In tutti questi casi potrete ignorare il cane e disapprovarlo fortemente quanto volete, ma lui continuerà bellamente a divertirsi facendo ciò che lo sta già gratificando, e non gliene importerà proprio nulla della vostra attenzione in quel momento, semplicemente perché non è ciò che sta cercando di ottenere.
In questi casi, per quanto la cosa possa farvi inorridire, bisogna intervenire con una punizione. Per i cani più sensibili la punizione non deve essere necessariamente fisica: basta un “no!”, se il cane lo conosce, o comunque un urlaccio, e questo capirà immediatamente.

Se invece abbiamo un cane di maggiore tempra possiamo addirittura sbilanciarci in una punizione fisica: alcuni preferiscono il giornale arrotolato, perché fa rumore e non fa male; io, sarà che ho un tipo di cane che si gira, ti strappa di mano il giornale, lo fa a coriandoli e poi riprende la sua opera di distruzione, sono più per il sano, vecchio “pattone sul sedere”.
Rapido e in realtà quasi indolore (totalmente indolore nel caso di alcune tipologie canine), ha più che altro un impatto emotivo sul cane, che in quel momento vi legge la vostra disapprovazione (che volete farci, a volte guardarlo storto non basta) e capisce che “quella cosa lì”, per quanto divertente, non piace alla mamma/al papà.
Punizione molto più subdola è invece l’isolamento sociale: prendere il cane e chiuderlo in una stanza da solo ci sembrerà una punizione non-violenta e pertanto decisamente preferibile al “barbaro pattone”, ma è in realtà molto più insidiosa, perché per il cane è mille volte peggio essere escluso dal branco che prendersi un colpetto su una chiappa (pensate a quante craniate dà nel corso della sua vita al termosifone per raccogliere la pallina che vi è finita sotto, uscendone senza fare una piega, e capirete quanto sia diversa l’idea del dolore che ha il cane rispetto alla nostra).

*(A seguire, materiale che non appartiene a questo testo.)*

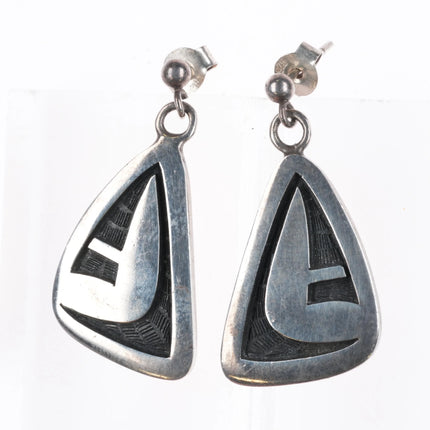 Stewart Tewawina Hopi Overlay dangle earrings sterling silver - Estate Fresh Austin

L’isolamento sociale personalmente l’ho usato in pochissime occasioni: quando i miei cani si sono menati tra loro e quando hanno cercato di suicidarsi in qualche modo, attuando comportamenti pericolosi per loro stessi.
È una punizione brutta-brutta, che serve a punire i reati più gravi. A meno che non abbiate un chow chow, un maremmano o altri cani con la stessa socialità di un paracarro: in tal caso l’isolamento sociale è quasi un premio.
Ma con cani di quel calibro qualsiasi punizione ha poco valore, proprio perché dell’approvazione di mamma/papà, a loro, non frega un benemerito cavolo.

Tornando a noi, in sintesi: ignorare il cane che si comporta nel modo sbagliato serve solo se quell’atteggiamento vuole stimolarci ad elargire al cane una risorsa (che può anche consistere in semplici attenzioni); non funzionerà, invece, sui comportamenti autogratificanti.

Educare il Cavalier king: cosa si intende per rinforzo positivo, rinforzo negativo e punizione

Ragazzi e ragazze ho notato che c’è tanta confusione su questi argomenti…In molti non riescono ad addestrare bene il loro Cavalier King o in genere il proprio cane perché non hanno chiara la differenza tra questi tre concetti:rinforzo positivo,rinforzo negativo e punizione né quando è il momento giusto per applicarli. Questo genere confusione nel cane che non riesce a capire cosa vogliamo da lui ne cosa deve fare e diventa per voi ineducabile. Per tutte e tre queste azioni l’importante è che vi ricordiate che devono essere applicate nel momento preciso in cui si sta svolgendo un determinato comportamento. In internet ci sono bellissimi articoli a riguardo scritti da persone molto competenti però ho notato che sono scritte per gli “addetti ai lavori”e quindi forse causano confusione nella mente di chi non lo è.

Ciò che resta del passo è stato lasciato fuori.